Alonzo Gaskill, author and professor of church history and doctrine at Brigham Young University in Provo, Utah, said that if a Catholic visited the Sanctuary of Our Lady of Lourdes (which ranked 22 in the listing) they might think about the healing waters and recognize God’s hand in their tradition, but even a non-Catholic “might be provoked to think about their own faith tradition” if they were to visit.
“Different sites have different impactful experiences,” he told The Tablet, noting that even those with no faith can come away from visiting a sacred site with historical appreciation or sense of the connectedness of different cultures.
The list includes holy sites significant to major religions, including Christianity, Islam, Judaism, Hinduism, and Buddhism and was the first time the online platform did such an extensive project, although Travis Henry, senior director of content for Patheos, said they might do similar rankings in the future by continent.
“Selecting only 100 of the most holy places on Earth was the most challenging aspect of this initiative because there are so many sacred sites around the world. We could have easily included 500 additional sites filled with meaning,” he said.
He added that the list was meant more to start conversations and stir interest, noting that a lot of people might say their vote for the No. 1 spot might be a site considered to be in 50th place for someone else.
Henry said he hoped the ranking would serve as a library of holy sites and introduce people of different faiths to new sites.
He also found it interesting that some sites, including the No. 1 ranked Temple Mount in Jerusalem, is a sacred spot for Jews, Christians, and Muslims.
The ranking was put together from data about online searches and in-person visits of these sites and views of religious scholars, leaders, and writers from different faiths.

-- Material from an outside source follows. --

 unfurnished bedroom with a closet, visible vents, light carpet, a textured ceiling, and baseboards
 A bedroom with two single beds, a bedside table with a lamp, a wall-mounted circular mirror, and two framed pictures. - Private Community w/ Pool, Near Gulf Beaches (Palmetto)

“This collection of sacred spaces represents some of the most significant holy sites throughout religions around the world,” said Gaskill. “Importantly, many of these sites have significance in multiple traditions — particularly in places like India, where Hindus, Buddhists, and Jains often worship at the same sites, or the Holy Land, where Jews, Christians, and Muslims each reverence many of the same sacred spaces.”
He also stressed that the list “offers something for everyone, from the simply curious to the religiously devout.”
After the list was compiled and sites tallied for each faith tradition, Henry said Catholics had the most sacred sites on the list. Twenty-five sites are specifically Catholic but eight more sites — from Christian tradition or shared with other faiths — also are of Catholic significance, such as places in the Holy Land related to the life of Jesus.
Catholic sites on the list include the Vatican, Sistine Chapel, European cathedrals, sites of Marian apparitions and two U.S. churches — St. Patrick’s Cathedral in New York (ranked 66th) and Santuario de Chimayo, a Catholic church and pilgrimage site in New Mexico (ranked 72nd.)
Next year, Gaskill intends to take students to a number of these sites. He said in his world religion classes he stresses that “every world religion has the same goal: to make us holy beings.”
As he sees it, these sacred sites around the world are “beacons of light in the midst of chaos, war, and hatred” where people come away feeling: “I want to be different.”